- The records
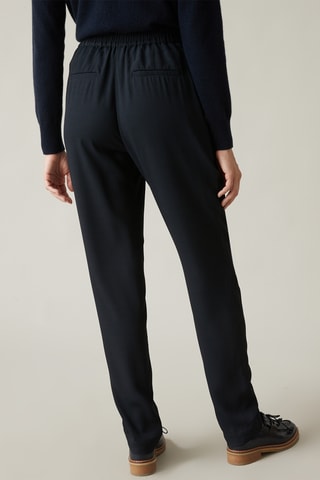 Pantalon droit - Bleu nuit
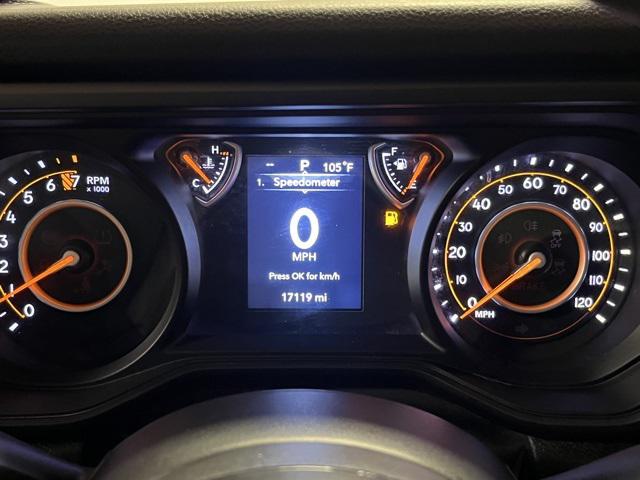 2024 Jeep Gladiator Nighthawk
---
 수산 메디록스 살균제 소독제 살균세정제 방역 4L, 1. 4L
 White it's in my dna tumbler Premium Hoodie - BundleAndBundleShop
--
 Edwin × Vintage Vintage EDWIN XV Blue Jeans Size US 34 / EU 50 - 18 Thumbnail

- Task to carry out
Write down exactly the span of lines above from the one containing "수산 메디록스 살균제 소독제 살균세정제 방역 4L, 1. 4L" to the one containing "White it's in", both ends included.

- Exercise output
 수산 메디록스 살균제 소독제 살균세정제 방역 4L, 1. 4L
 White it's in my dna tumbler Premium Hoodie - BundleAndBundleShop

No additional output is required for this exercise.